Task: Print the data exactly. Pictures stay out.

Stored data:
##########
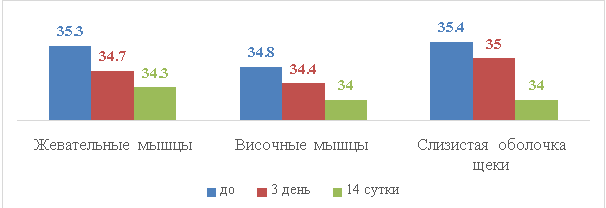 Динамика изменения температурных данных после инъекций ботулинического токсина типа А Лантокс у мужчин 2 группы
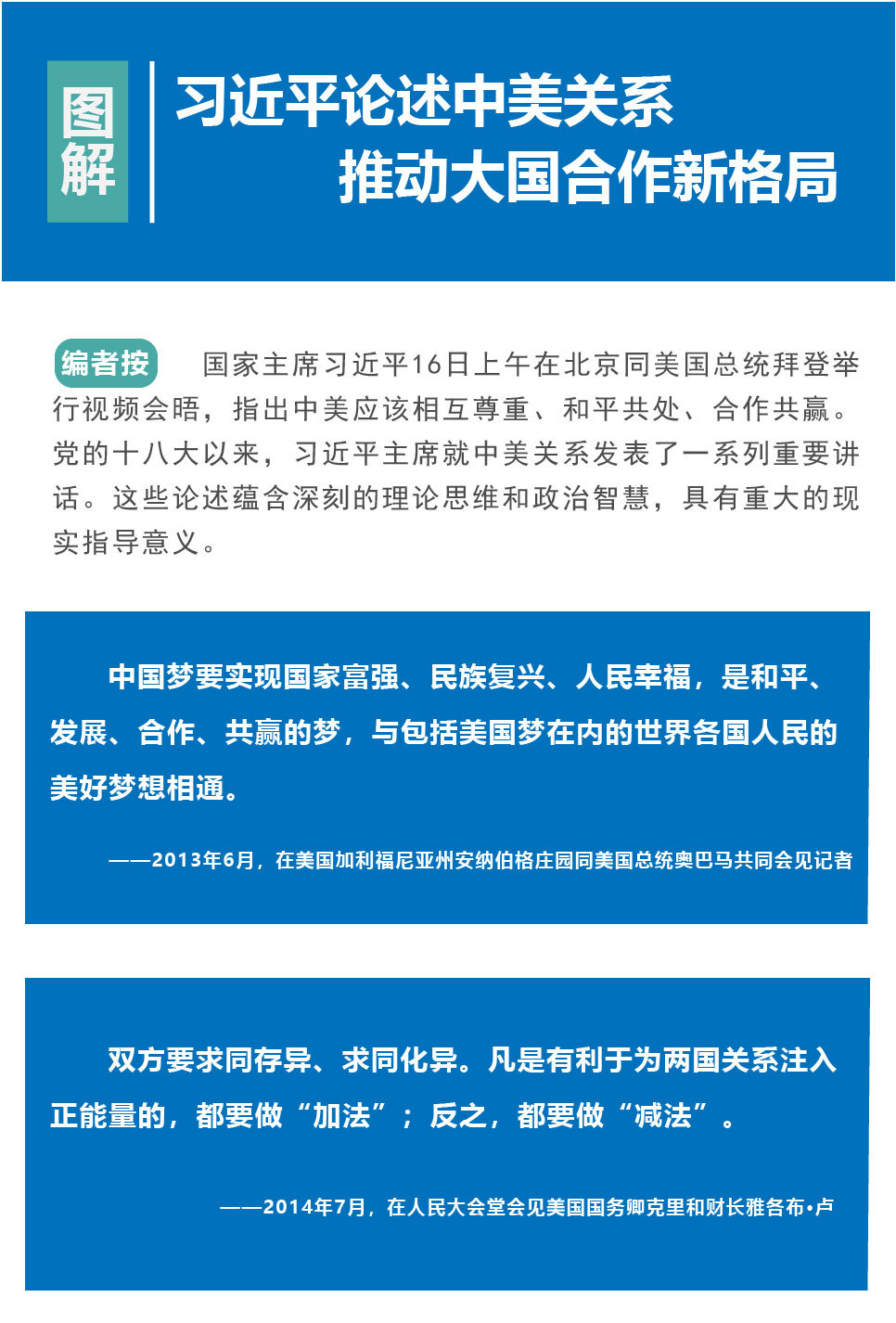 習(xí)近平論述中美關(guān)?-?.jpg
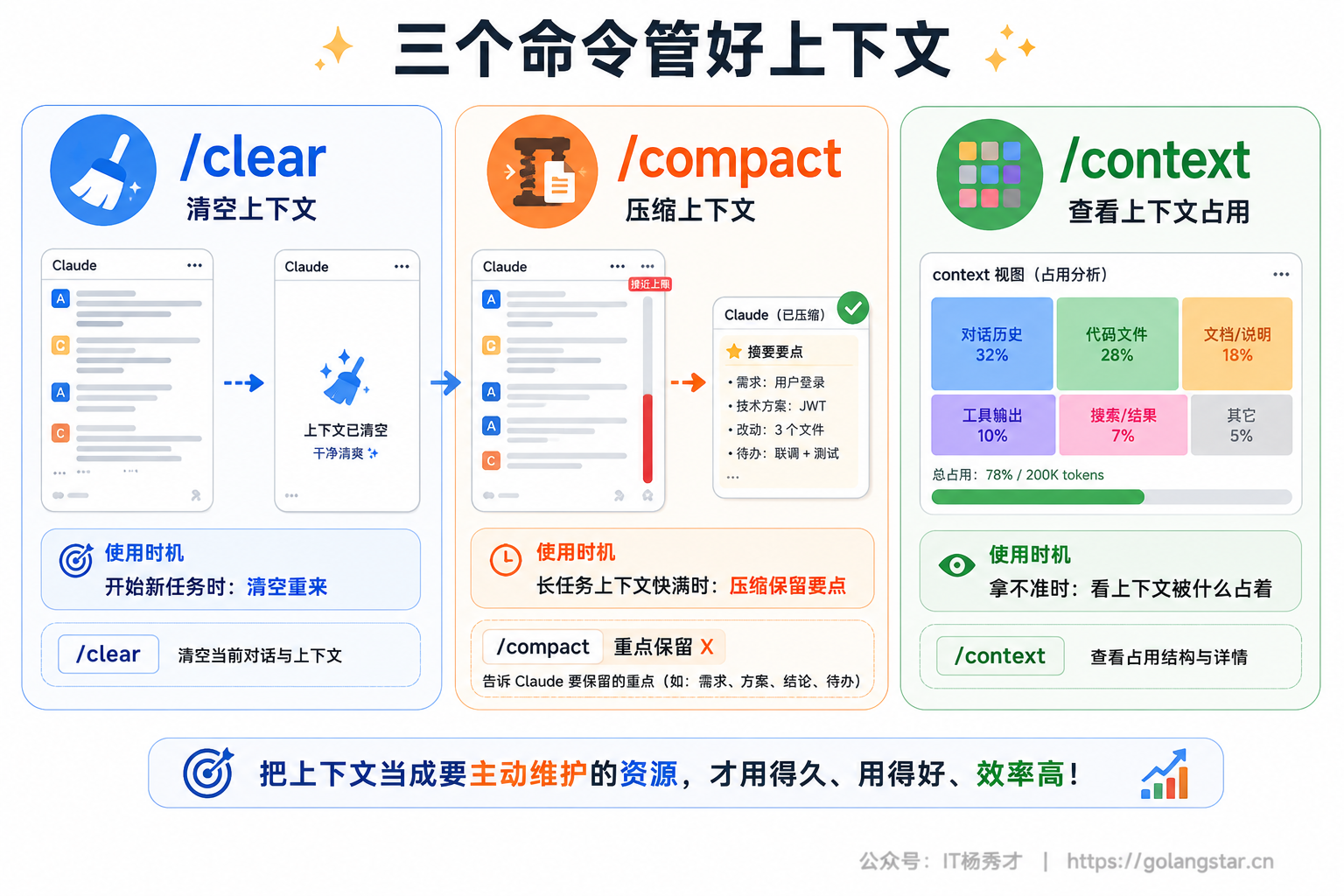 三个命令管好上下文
##########
Solution to this exercise:
 Динамика изменения температурных данных после инъекций ботулинического токсина типа А Лантокс у мужчин 2 группы
 習(xí)近平論述中美關(guān)?-?.jpg
 三个命令管好上下文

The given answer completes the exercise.